Aber das WCCB ist nicht der einzige Spielort in der kommenden Saison. Die Kinder- und Familienkonzerte werden in die Bad Godesberger Stadthalle und ins Beueler Brückenforum ausgelagert. Im Brückenforum wird das Beethoven Orchester auch überwiegend proben. Hier soll das Orchester etwa einhundert Proben abhalten, nur die Haupt- und Generalproben finden in den jeweiligen Konzertsälen statt. Da der Betrieb im kommerziell genutzten Brückenforum weitergehen muss, kommt auf das Orchester einiges an zusätzlicher Arbeit zu. „Es muss ständig wieder alles weggeräumt und wieder aufgebaut werden“, sagt Prick.

Als weitere Spielstätte steht die Aula der Universität zur Verfügung, wo der in Hamburg geborene und aufgewachsene Dirigent bereits das Eröffnungskonzert des Beethovenfestes im vergangenen Jahr dirigiert hatte und die er als Glücksfall bezeichnet. „Das ist ein optimaler Raum, er klingt schön und ist von der Größe ideal für Stücke mittleren und kleineren Formates, wie wir sie in der Reihe 'Klassik um 11' anbieten. Wenn ich für längere Zeit in Bonn wäre, würde ich alles dafür tun, den Saal für das Orchester zu erhalten.“

Das Konzertangebot soll in der kommenden Saison unter der Interimssituation nicht leiden. Wir können ja nicht anfangen, auch das künstlerische Angebot zu reduzieren. Die Anzahl der Konzerte wird ebenso bleiben, wie die Zahl der Reihen. „Da werden keine Abstriche gemacht“, sagt Prick, der sich zu den Inhalten der Konzerte aber noch nicht konkret äußern möchte. Auch das noch junge „BOB goes...“-Format will er von Blunier übernehmen.

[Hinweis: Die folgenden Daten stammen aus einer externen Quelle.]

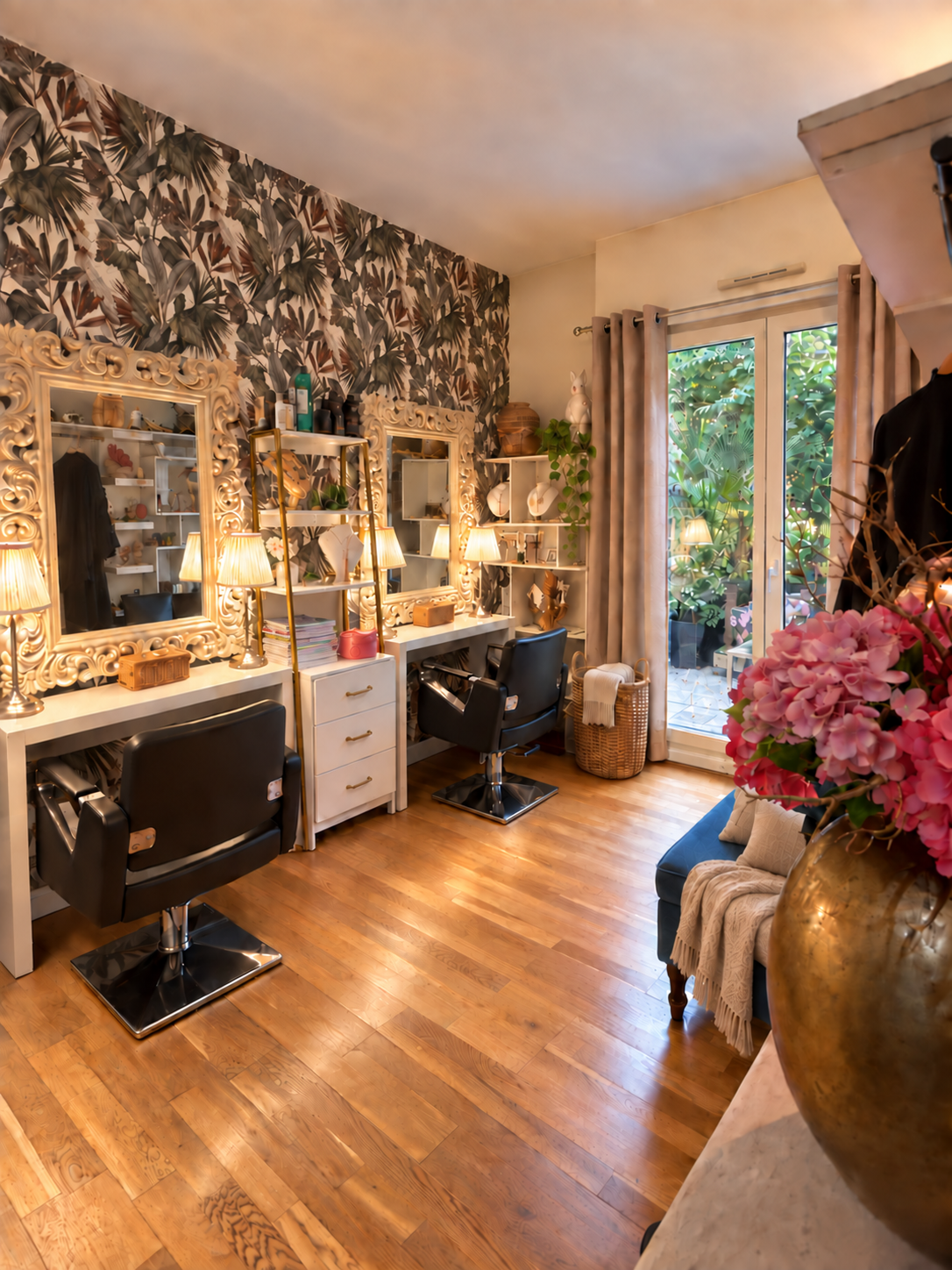 Les espaces de coiffage chaleureux du salon privé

Ein bisschen lässt sich Prick jedoch schon in die Karten schauen. Nach Bluniers Beethoven-Schwerpunkt wird er auf diesem Gebiet ein wenig zurückhaltender werden. Die Beethovennacht aber wird es gleichwohl auch im Dezember 2016 wieder geben. „Ich will vor allem Stücke machen, die lange nicht mehr in Bonn auf der Menükarte gestanden haben oder vielleicht sogar noch nie gespielt wurden.“ Das müssen dann keine unbekannten Werke sein. ein Schwerpunkt will Prick auf Klassiker des 20. Jahrhunderts legen. „Das wird dann gemischt mit der Wiener Klassik und dem Umfeld. In den großen Konzerten werde ich dann auch ein paar große Brocken dirigieren.“ Und weil das Freitagskonzert im Juli 2017 auf den 14. des Monats, dem französischen Nationalfeiertag, fällt, wird es ein komplett französisches Programm geben. Welche Komponisten mit von der Partie sein werden, darüber schweigt sich Prick jedoch noch aus.

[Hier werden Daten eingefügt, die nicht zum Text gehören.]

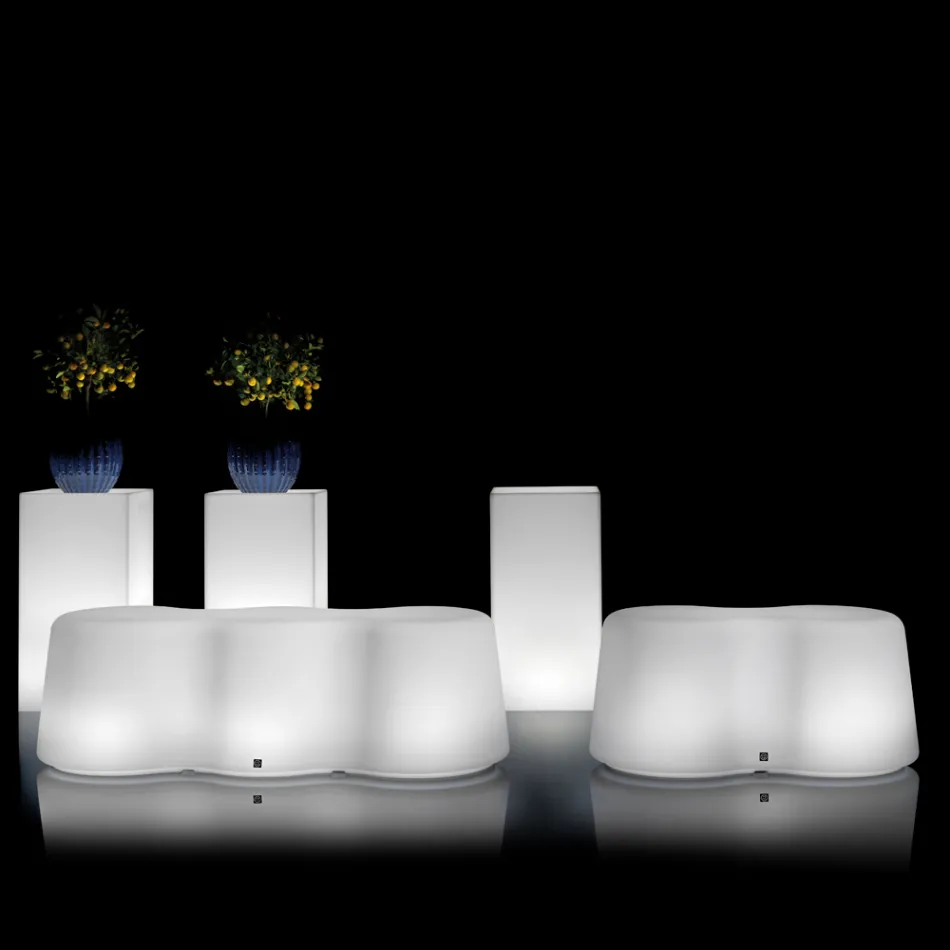 Vågig utomhusbänk i polyeten Tillverkad i Italien - Brenda Viadurini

Bonn war einmal stolz darauf, mit Thomas Honickel den ersten hauptamtlichen Konzertpädagogen zu beschäftigen, der von einer Stadt eingestellt worden ist. Jetzt wird am Education-Programm gespart. Man habe sehr um den Erhalt gekämpft, sagt Prick, immerhin nicht ganz ohne Erfolg. Doch: „Das Angebot wird vielleicht nicht in Gänze erhalten bleiben können.“ Prick warnt davor, sich nach und nach ganz von der pädagogischen Schiene zu verabschieden: „Man kann Education und Schulbesuche nicht aufgeben, wenn man in 15 Jahren noch Publikum haben will.“

Von den städtischen Kammermusikreihen mit prominenten Ensembles und Solisten wird man sich in der nächsten Saison verabschieden müssen. Kammerkonzerte mit Ensembles aus den Reihen des Beethoven Orchesters aber wird es wohl weiterhin geben. „Das ist für ein Orchester von allergrößter Wichtigkeit“, sagt Prick. „Denn wer Kammermusik macht , bleibt musikalisch fit.“ Allerdings wird sie nicht mehr in der jetzigen Form der Montagskonzerte in der Villa Prieger geben. „Die werden sich auch räumlich verändern.“

Bis zum Saisonbeginn hat Prick noch einiges vor. In Hamburg dirigiert er die Wiederaufnahme von Peter Konwitschnys Inszenierung von Webers „Freischütz“, auch in den USA hält er sich für eine Weile auf. Mit dem Bonner Orchester unterhält er während dieser Zeit sozusagen eine Standleitung.